Hoss's Steak & Sea House, Inc.
- Trade name: Hoss's Steak and Sea
- Type: Private
- Industry: Restaurants
- Genre: Casual dining
- Founded: 1983; 43 years ago
- Founder: Willard E. Campbell
- Headquarters: Duncansville, Pennsylvania, United States
- Number of locations: 29 (2023)
- Area served: Pennsylvania West Virginia
- Key people: Willard E. Campbell (CEO and Chairman) Carl Raup (CFO) Billie Walls (Director of Marketing)
- Products: Shareables, Steaks, Chicken, Seafood, Sandwiches, Kids' Menu, Burgers, Sandwiches, Soups, Salads and Desserts
- Revenue: US$300 million (2023)
- Owner: Willard E. Campbell
- Number of employees: 2,200 (2023)
- Website: www.hosss.com

= Hoss's Steak and Sea House =

American restaurant chain

Hoss's Steak & Sea House, Inc., doing business as Hoss's Steak and Sea (commonly known as Hoss's), is a restaurant chain based in Duncansville, Pennsylvania. As of March 2022, the company operates 29 locations in Pennsylvania and single West Virginia location.

== History ==
Hoss's Steak and Sea House was founded in 1983 by Willard E. "Bill" Campbell with the first location in DuBois, Pennsylvania. Today, Campbell still serves as Chairman of the Board and Chief Executive Officer of Hoss's Steak and Sea House and his son, Craig, is the company's planning and development director. His wife, Nancy, has also served as the company's director of public relations for 24 years.

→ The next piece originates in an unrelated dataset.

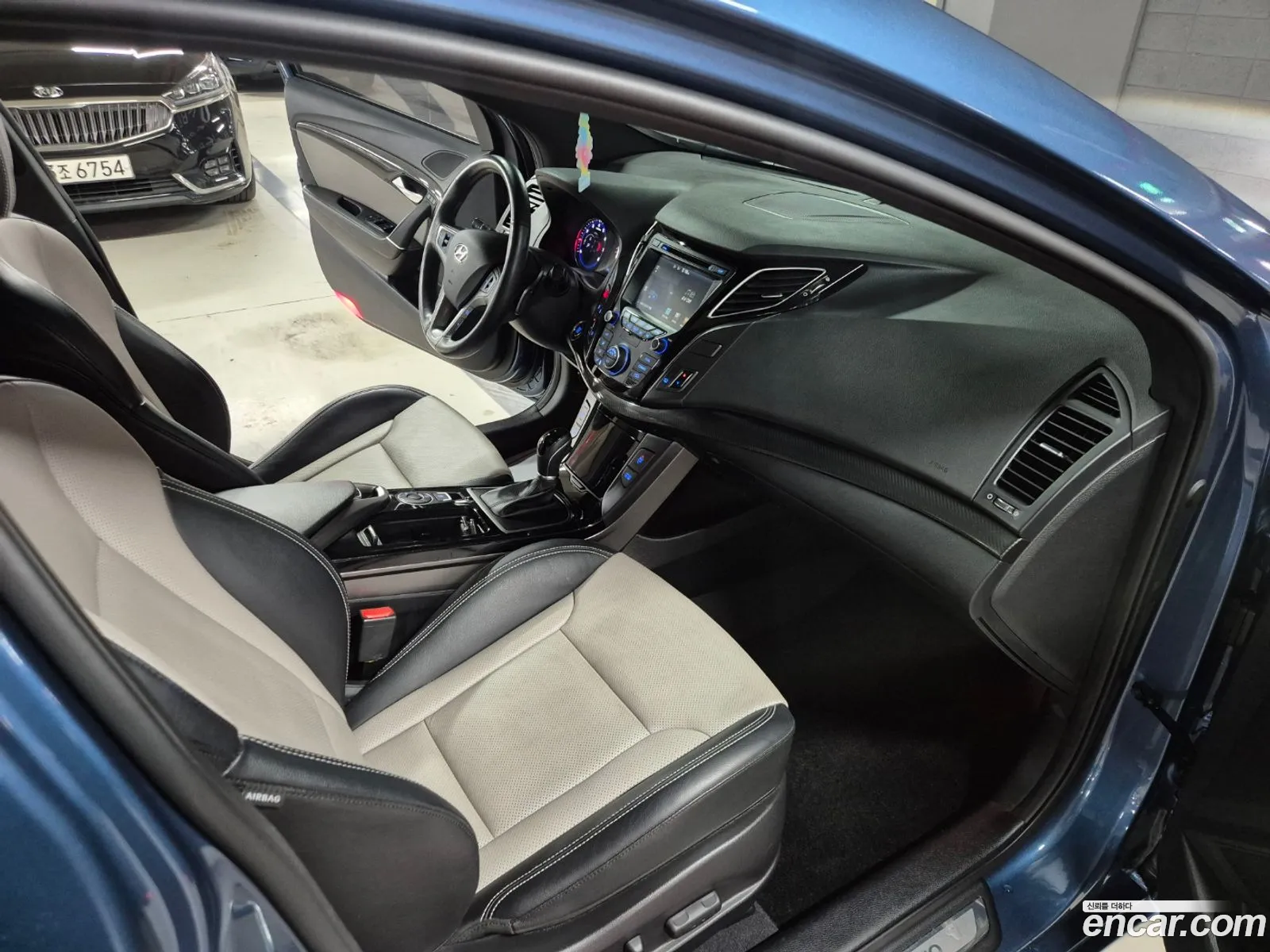 Korex Auto Trade - фотография 18824466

In addition to operating as a restaurant chain, in 1998, Hoss's financed and built a new bathroom and storage facility in Delmont, Pennsylvania through a construction company Hoss's owned.

In 2008, the restaurant chain was named "Best Places to Work in PA" by a group of various Pennsylvania-based organizations, making it the second consecutive year and the fourth time Hoss's has made the list. In 2011, the Hoss's location in Hummelstown was one of the businesses damaged by Tropical Storm Lee, flooded with more than six feet of water and was out of business for eight months.

In March 2013, Hoss's was named the "2013 Chain Operator" in Beef Checkoff Program's 2012 National Foodservice Beef Backer Awards. In May 2014, Hoss's started a White House petition to name May 31 National Steak Day but did not get enough signatures.

== Controversy ==
In 1995, two Hoss's waitresses sued the company after a cook skewered, mutilated and deep-fried a Barbie doll. In the lawsuit, the waitresses recalled the events that took place in September 1994 including accusing the managers of fondling them, employees discussing sexual encounters and obscenities and other sexual and inappropriate behavior. They accused the restaurant of not regularly changing the cooking oil including after the Barbie doll incident. One of the waitresses also accused a manager of demoting and eventually firing her after she complained. The lawsuit went to trial in federal court in 1998 and, according to a 2000 book, the jury ruled in favor of Hoss's though other details about the case have not been found.

In 2007, Hoss's received significant attention from state and international news sources after an E. coli outbreak from the restaurant’s meat supplier sickened several people at different locations. As a result, the meat supplier, HFX, recalled 259,230 lbs. of meat as a precaution.

== Design ==
The restaurant has received news coverage for its walls decorated with antique American newspapers, photos and objects, especially those local to the area including an Erie newspaper's front page story of Victory over Japan Day in 1945. The original architectural design was done by Donald R. Langer, A.I.A., P.E. of Altoona, Pennsylvania.